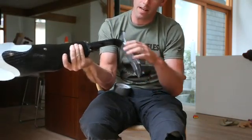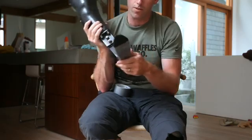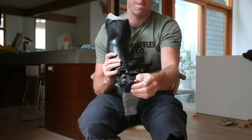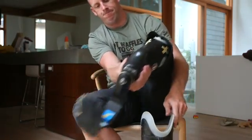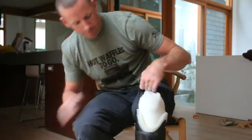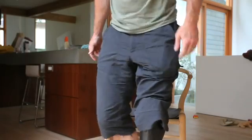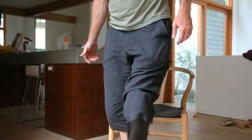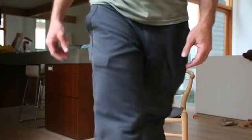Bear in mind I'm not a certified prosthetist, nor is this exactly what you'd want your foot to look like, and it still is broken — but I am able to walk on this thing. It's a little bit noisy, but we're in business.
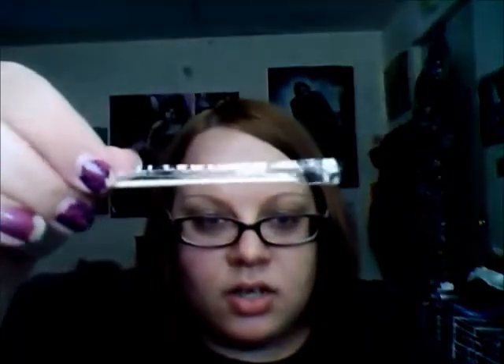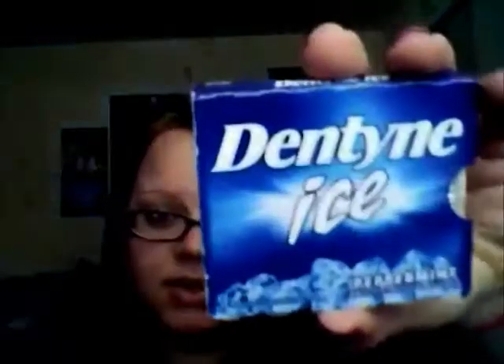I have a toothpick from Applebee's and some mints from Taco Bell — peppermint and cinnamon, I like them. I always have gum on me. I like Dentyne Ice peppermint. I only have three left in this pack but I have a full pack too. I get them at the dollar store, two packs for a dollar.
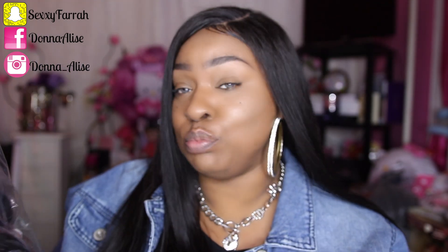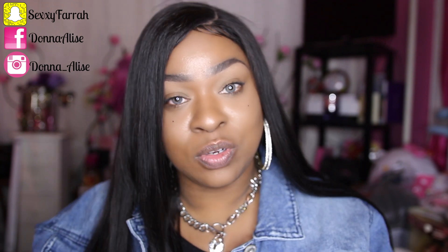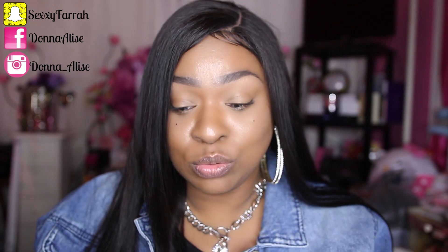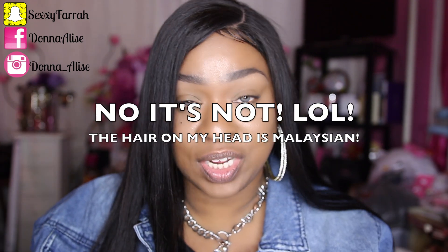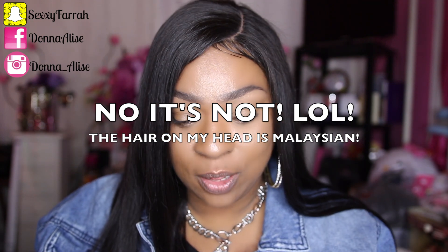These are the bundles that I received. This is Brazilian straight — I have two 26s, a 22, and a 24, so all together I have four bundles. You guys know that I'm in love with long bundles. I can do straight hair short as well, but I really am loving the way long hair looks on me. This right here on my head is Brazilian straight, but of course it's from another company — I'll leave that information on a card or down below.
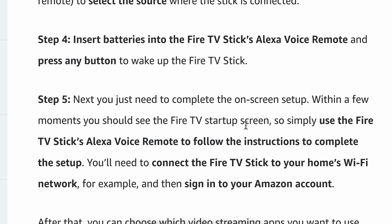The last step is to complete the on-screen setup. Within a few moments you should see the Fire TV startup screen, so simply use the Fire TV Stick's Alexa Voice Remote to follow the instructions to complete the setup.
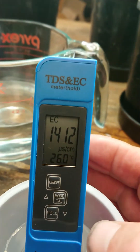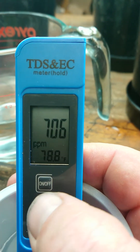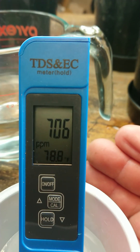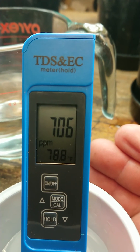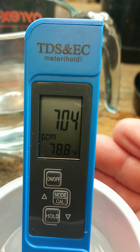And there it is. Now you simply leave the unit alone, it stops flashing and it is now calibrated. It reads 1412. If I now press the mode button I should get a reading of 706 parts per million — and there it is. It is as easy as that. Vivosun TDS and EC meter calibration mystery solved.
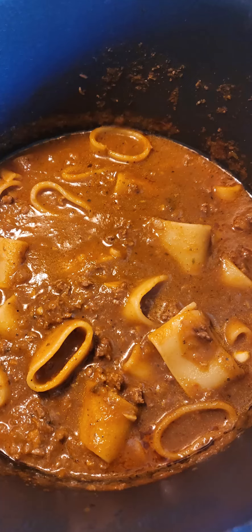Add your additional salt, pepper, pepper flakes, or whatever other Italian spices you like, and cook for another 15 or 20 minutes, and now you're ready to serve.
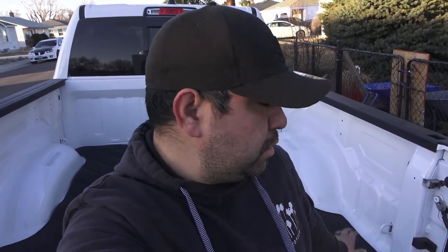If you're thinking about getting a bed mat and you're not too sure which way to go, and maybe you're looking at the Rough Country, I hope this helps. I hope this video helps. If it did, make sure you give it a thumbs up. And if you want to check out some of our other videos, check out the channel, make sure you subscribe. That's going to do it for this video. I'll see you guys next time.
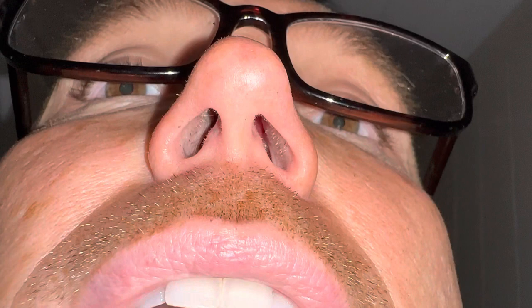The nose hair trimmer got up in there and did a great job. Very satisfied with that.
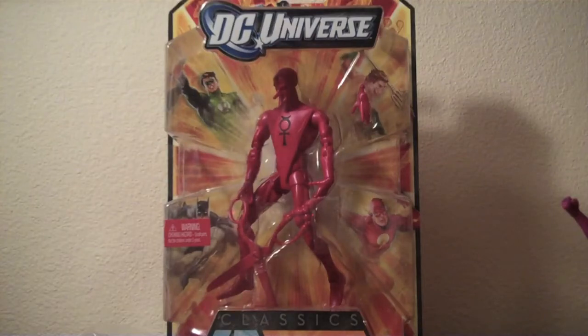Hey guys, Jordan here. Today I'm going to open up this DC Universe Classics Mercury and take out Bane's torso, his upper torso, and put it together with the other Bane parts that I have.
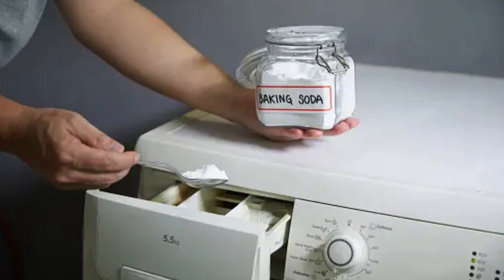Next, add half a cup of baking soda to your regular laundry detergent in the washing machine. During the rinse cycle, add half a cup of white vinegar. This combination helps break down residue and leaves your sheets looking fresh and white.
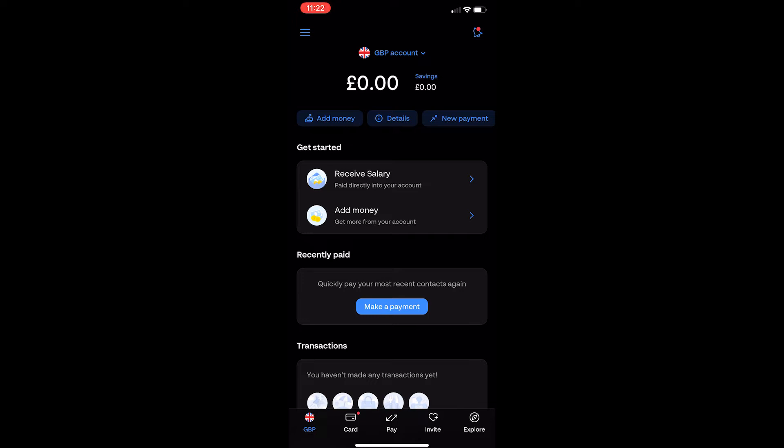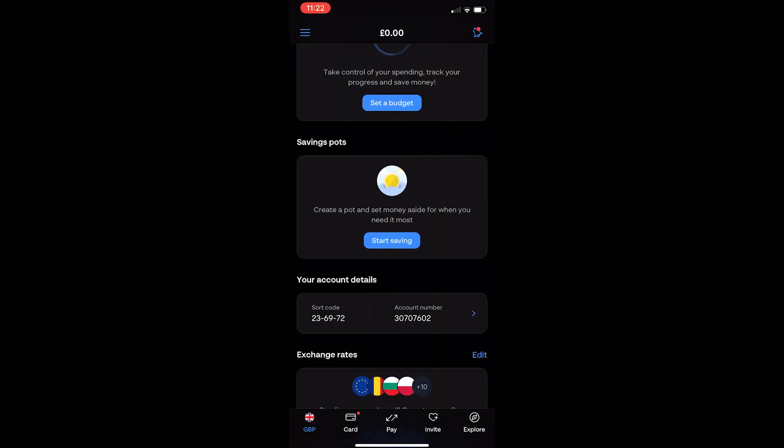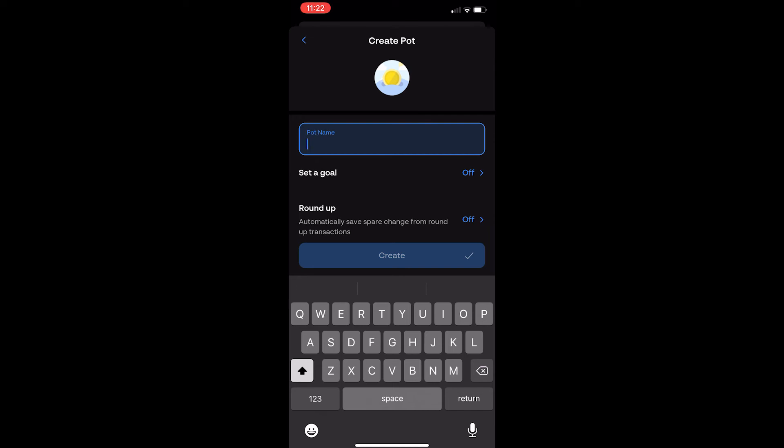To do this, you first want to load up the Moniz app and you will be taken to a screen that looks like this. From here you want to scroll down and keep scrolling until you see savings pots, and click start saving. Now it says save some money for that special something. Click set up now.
------------
Drop the pictures and reproduce the rest of the data exactly.

Bear in mind I'm not a certified prosthetist, nor is this exactly what you'd want your foot to look like, and it still is broken — but I am able to walk on this thing. It's a little bit noisy, but we're in business.
I have a toothpick from Applebee's and some mints from Taco Bell — peppermint and cinnamon, I like them. I always have gum on me. I like Dentyne Ice peppermint. I only have three left in this pack but I have a full pack too. I get them at the dollar store, two packs for a dollar.
These are the bundles that I received. This is Brazilian straight — I have two 26s, a 22, and a 24, so all together I have four bundles. You guys know that I'm in love with long bundles. I can do straight hair short as well, but I really am loving the way long hair looks on me. This right here on my head is Brazilian straight, but of course it's from another company — I'll leave that information on a card or down below.
The last step is to complete the on-screen setup. Within a few moments you should see the Fire TV startup screen, so simply use the Fire TV Stick's Alexa Voice Remote to follow the instructions to complete the setup.
And there it is. Now you simply leave the unit alone, it stops flashing and it is now calibrated. It reads 1412. If I now press the mode button I should get a reading of 706 parts per million — and there it is. It is as easy as that. Vivosun TDS and EC meter calibration mystery solved.
Add your additional salt, pepper, pepper flakes, or whatever other Italian spices you like, and cook for another 15 or 20 minutes, and now you're ready to serve.
If you're thinking about getting a bed mat and you're not too sure which way to go, and maybe you're looking at the Rough Country, I hope this helps. I hope this video helps. If it did, make sure you give it a thumbs up. And if you want to check out some of our other videos, check out the channel, make sure you subscribe. That's going to do it for this video. I'll see you guys next time.
The nose hair trimmer got up in there and did a great job. Very satisfied with that.
Hey guys, Jordan here. Today I'm going to open up this DC Universe Classics Mercury and take out Bane's torso, his upper torso, and put it together with the other Bane parts that I have.
Next, add half a cup of baking soda to your regular laundry detergent in the washing machine. During the rinse cycle, add half a cup of white vinegar. This combination helps break down residue and leaves your sheets looking fresh and white.
To do this, you first want to load up the Moniz app and you will be taken to a screen that looks like this. From here you want to scroll down and keep scrolling until you see savings pots, and click start saving. Now it says save some money for that special something. Click set up now.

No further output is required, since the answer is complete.